The statue is carved from a piece of sandstone from the Phnom Tbeng Meanchey mountain in Cambodia, a sacred mountain in the country’s Preah Vihear province, using stone similar to the stone used at Angkor Wat. It is the city of Lowell’s first Cambodian statue.

The four faces on the statue represent the Brahma-viharas (Brahma-like, god-like or divine abodes) or the "sublime attitudes" in Buddhism. These are -

  • Loving or Loving-kindness (metta): The most fundamental emotion, which is the wish for true happiness 

  • Compassion (karuna): The emotion that goodwill feels when it encounters suffering 

  • Empathetic joy (mudita): The emotion that goodwill feels when it encounters happiness 

  • Equanimity (upekkha): The emotion that acts as a check on the other three

These four attitudes are said to be sublime because they are the right or ideal way of conduct towards living beings. They provide the answers to all situations that arise from social contacts. The Brahma-viharas are incompatible with a hateful state of mind, and they are associated with Brahma, the ruler of the higher heavens in traditional Buddhism. 

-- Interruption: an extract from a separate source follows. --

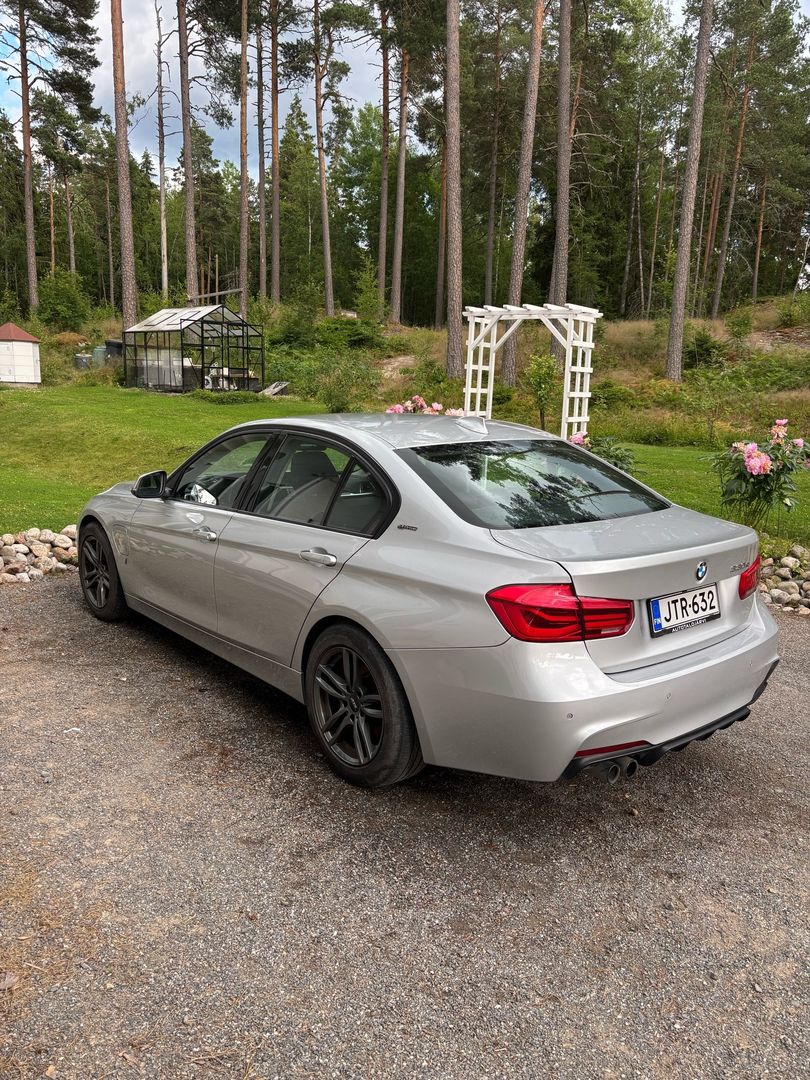 BMW 330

The seated monument on both sides of the park depicts the Churning of the Ocean of Milk. This is a story of the devas (gods) and asuras (demons) who fight to obtain the mystical powers of Amrita, a Sanskrit word that means “immortality,” which is a central concept in Indian religions often referred to in ancient texts as an elixir. The Churning of the Ocean of Milk is one of the central events in the ever-continuing struggle between the devas and the asuras.

 

In some versions of the story, the devas and the asuras hope to recover the amrita from the depths of the cosmic ocean. The asuras held the head of the nāga (half-human, half-cobra) Vasuki, who was used for a churning rope, and the devas held his tail. 

 

This is a detail from the portrayal of the story of the Churning of the Ocean of Milk showing Vishnu, gods, and demons from a bas relief at Angkor Wat, Siem Reap, Cambodia.

Vasuki is the Snake of Shiva in Hindu texts. Mucilinda is the king of Nāgas in Buddhist texts, who protected the Gautama Buddha from the elements after his enlightenment.

In the back of these monuments are statues of King Jayavarman VII and Queen Indradevi (fl. 1181) venerated leaders during the Khmer Empire.